▶ AVAILABLE RECORDS

* * *

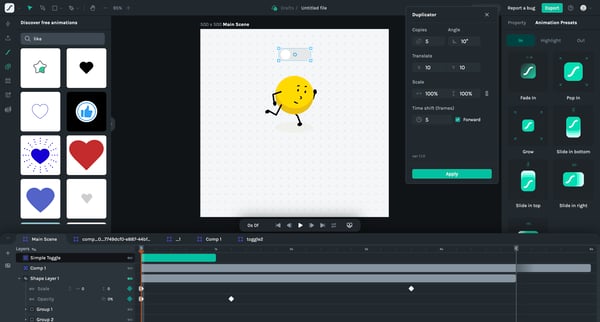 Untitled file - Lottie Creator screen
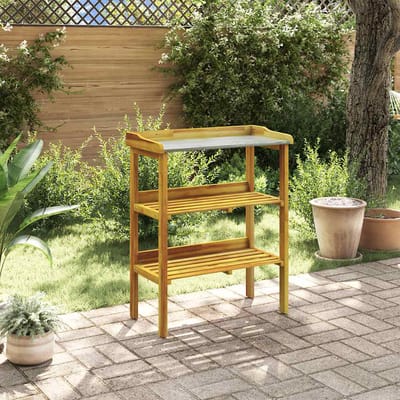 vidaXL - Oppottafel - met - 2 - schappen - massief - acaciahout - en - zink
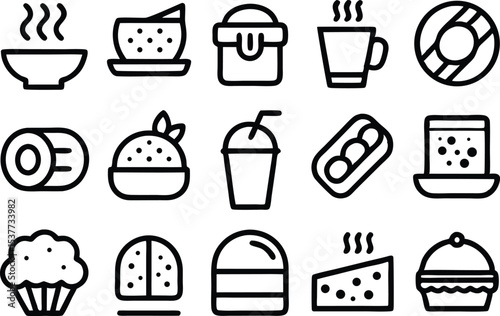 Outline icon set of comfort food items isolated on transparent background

* * *

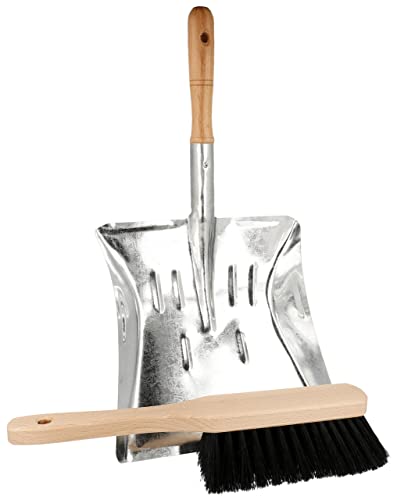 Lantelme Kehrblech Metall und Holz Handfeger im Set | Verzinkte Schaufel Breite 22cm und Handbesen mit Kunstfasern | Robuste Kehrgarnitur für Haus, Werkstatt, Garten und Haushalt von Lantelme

* * *

▶ WHAT TO WORK ON
Print nothing except the lines above from the one containing "Untitled file - Lottie Creator screen" down to the one containing "Outline icon set", both included, exactly as written and free of pictures.

▶ RESULT
 Untitled file - Lottie Creator screen
 vidaXL - Oppottafel - met - 2 - schappen - massief - acaciahout - en - zink
 Outline icon set of comfort food items isolated on transparent background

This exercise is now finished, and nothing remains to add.